__Task description__. Apart from the pictures, output all of the records exactly.

__Dataset content__.
Segment Open
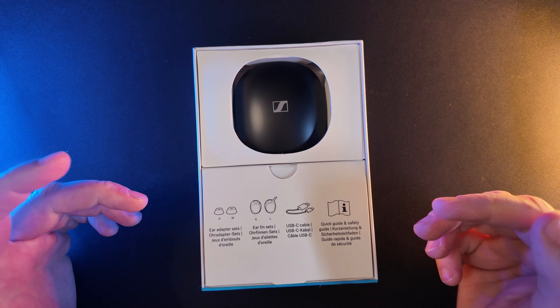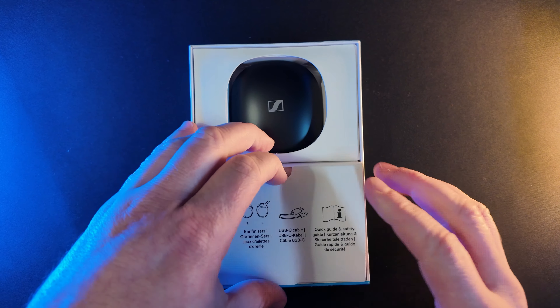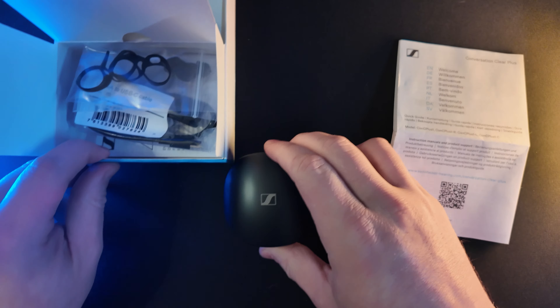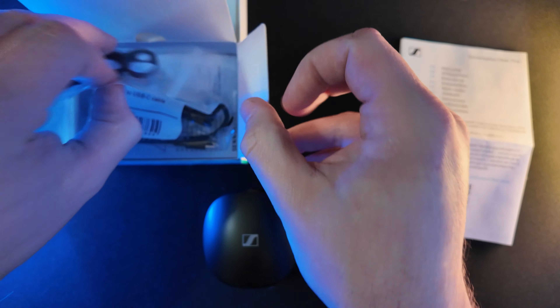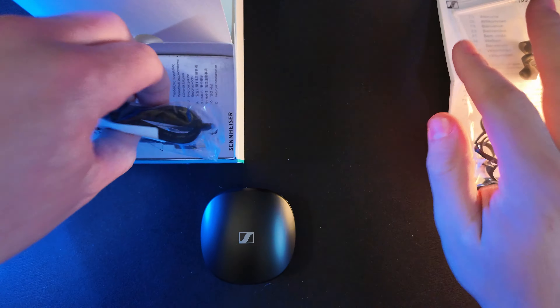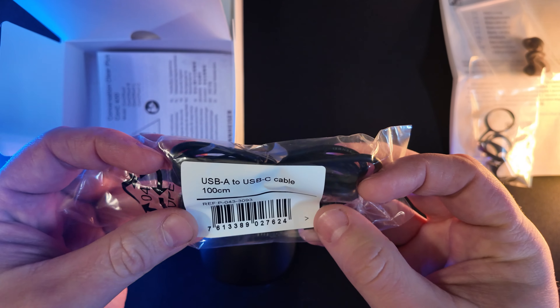You can see some of the benefits here. There's a little card here. We've got ear adapter sets with small and medium — I'm guessing there are probably some already attached on the earbuds. There are also ear fins, which are usually optional and just help keep the bud in your ear. There's a USB-C cable, and a quick start guide with pictures, which is kind of nice. And here are the actual earbuds.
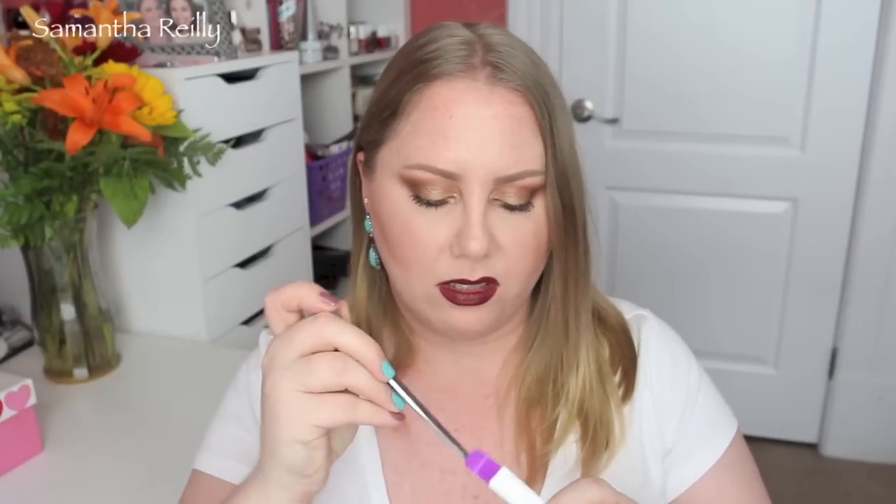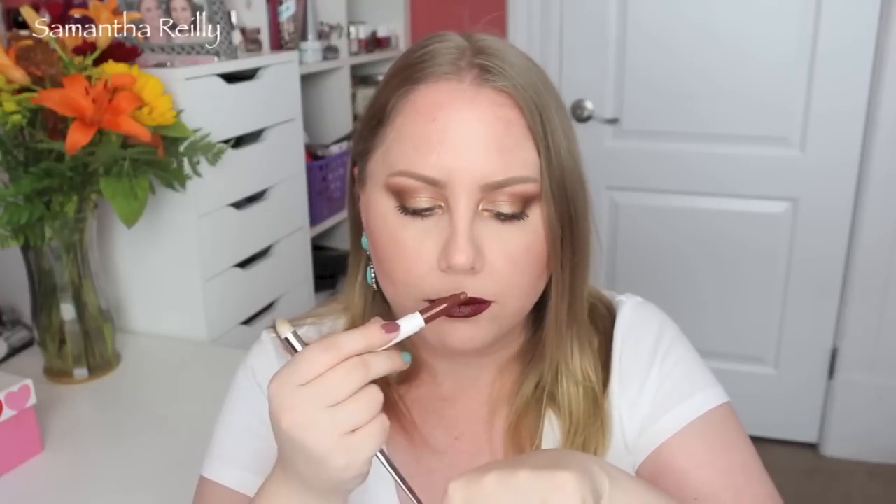This is called Grunge — it's a matte lippy stick. Oh, it smells good. It's a nice warm brown — that's pretty, I love that. ColourPop is like, you gotta be Houdini to get these out of the packaging. This next shade is called Nevermind. That almost looks like Cyber from MAC — that's a nice dark gothy color. Yeah, that would look good. I love that.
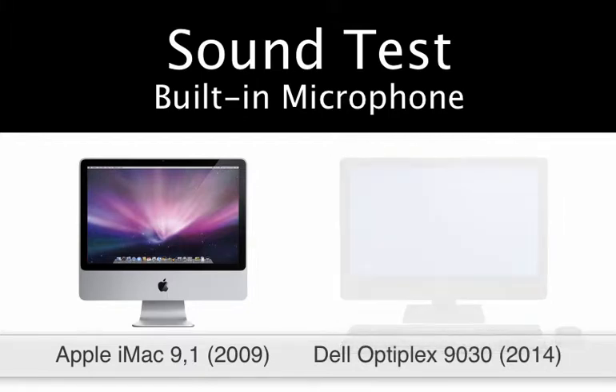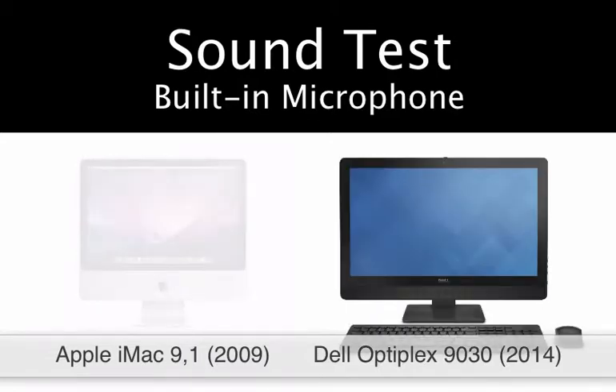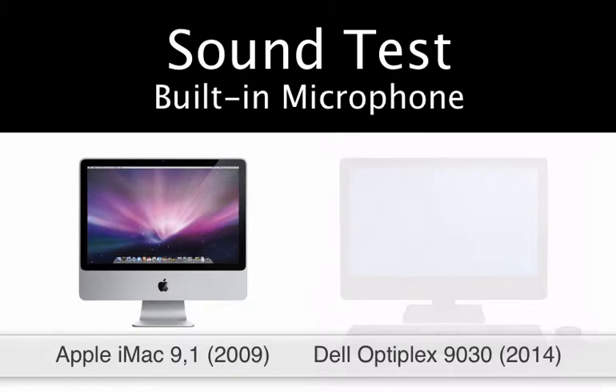This is a sound test between an older modeled iMac and a newer modeled Dell All-In-One. The exact names of the models are displayed on screen. I'm going to do a couple of different tests with them to test the quality of the built-in microphones.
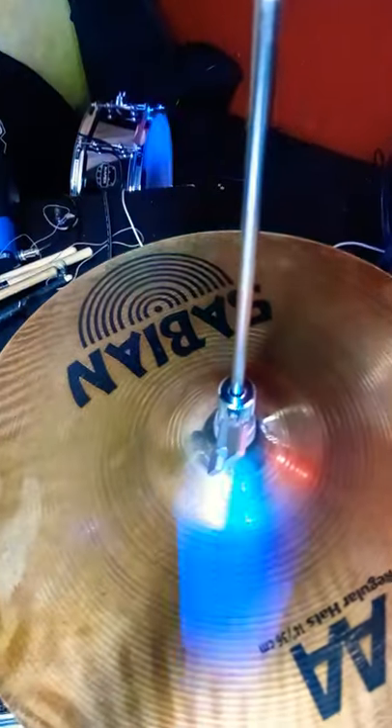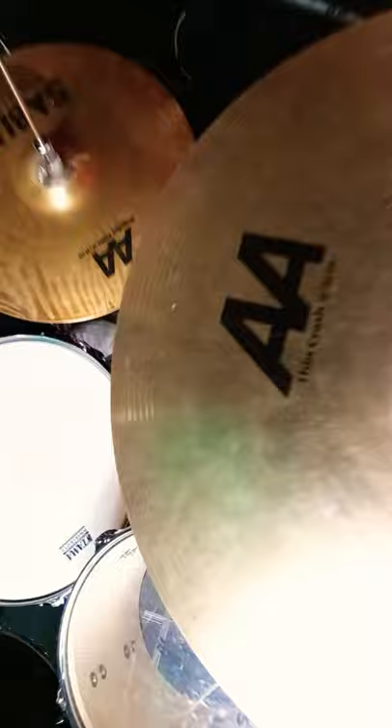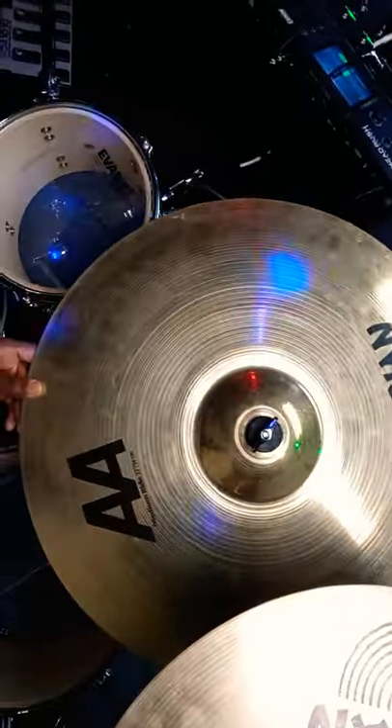We live at the underground coffee house. I'm going to show you a little run-on tour of my Sabian simple setup. As you already know, I got the 14 inch AA regular hats, the 18 inch AA thin crash, and I got this new beast right here — this is the 22 inch medium ride.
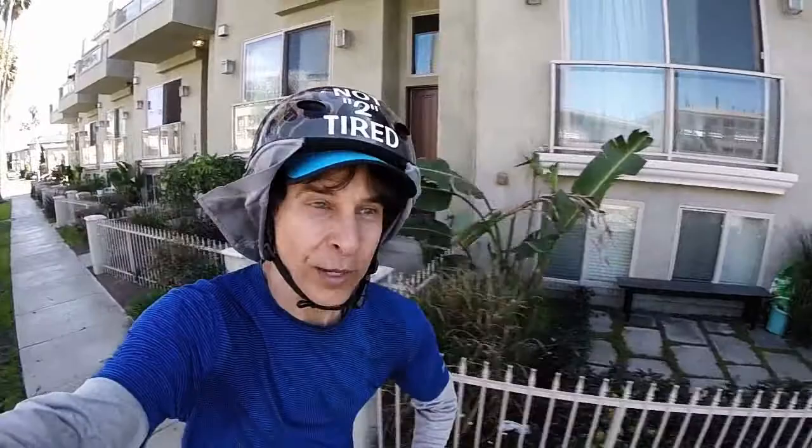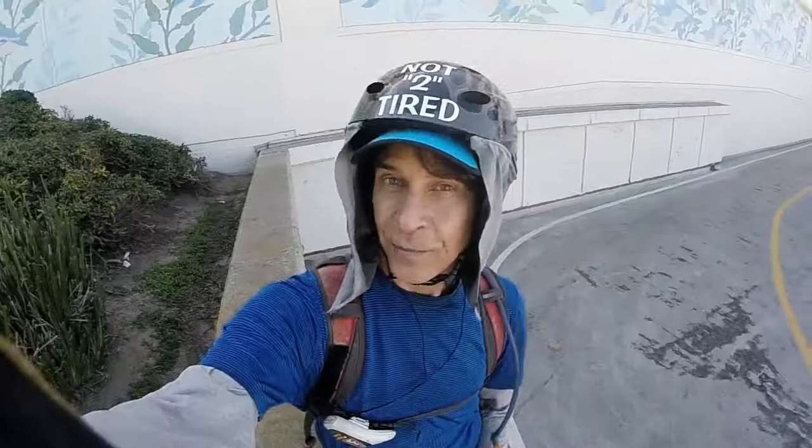I really needed to upgrade my old bell to something louder and brighter sounding, so it was time to ring out the old and ding in the new. Compared to the internal ringer type, this bell really gets people's attention.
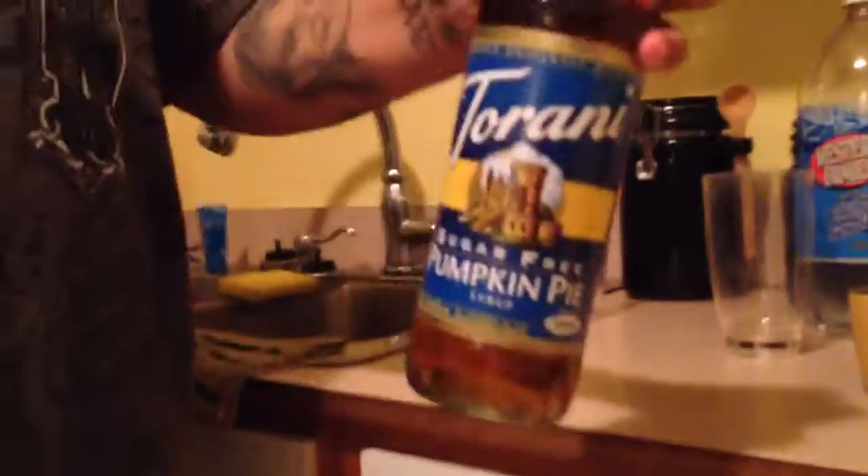Hey guys, original Boris here from the original family. We got original Mia Bella right here, and on the camera filming today, original Maxwell. Today we got this new Torani — I don't know how to pronounce it — but this is sugar-free pumpkin pie, and the pumpkin pie one is mine. We're gonna try this.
Segment Closed
__Answer to the problem__.
You can see some of the benefits here. There's a little card here. We've got ear adapter sets with small and medium — I'm guessing there are probably some already attached on the earbuds. There are also ear fins, which are usually optional and just help keep the bud in your ear. There's a USB-C cable, and a quick start guide with pictures, which is kind of nice. And here are the actual earbuds.
This is called Grunge — it's a matte lippy stick. Oh, it smells good. It's a nice warm brown — that's pretty, I love that. ColourPop is like, you gotta be Houdini to get these out of the packaging. This next shade is called Nevermind. That almost looks like Cyber from MAC — that's a nice dark gothy color. Yeah, that would look good. I love that.
This is a sound test between an older modeled iMac and a newer modeled Dell All-In-One. The exact names of the models are displayed on screen. I'm going to do a couple of different tests with them to test the quality of the built-in microphones.
We live at the underground coffee house. I'm going to show you a little run-on tour of my Sabian simple setup. As you already know, I got the 14 inch AA regular hats, the 18 inch AA thin crash, and I got this new beast right here — this is the 22 inch medium ride.
I really needed to upgrade my old bell to something louder and brighter sounding, so it was time to ring out the old and ding in the new. Compared to the internal ringer type, this bell really gets people's attention.
Hey guys, original Boris here from the original family. We got original Mia Bella right here, and on the camera filming today, original Maxwell. Today we got this new Torani — I don't know how to pronounce it — but this is sugar-free pumpkin pie, and the pumpkin pie one is mine. We're gonna try this.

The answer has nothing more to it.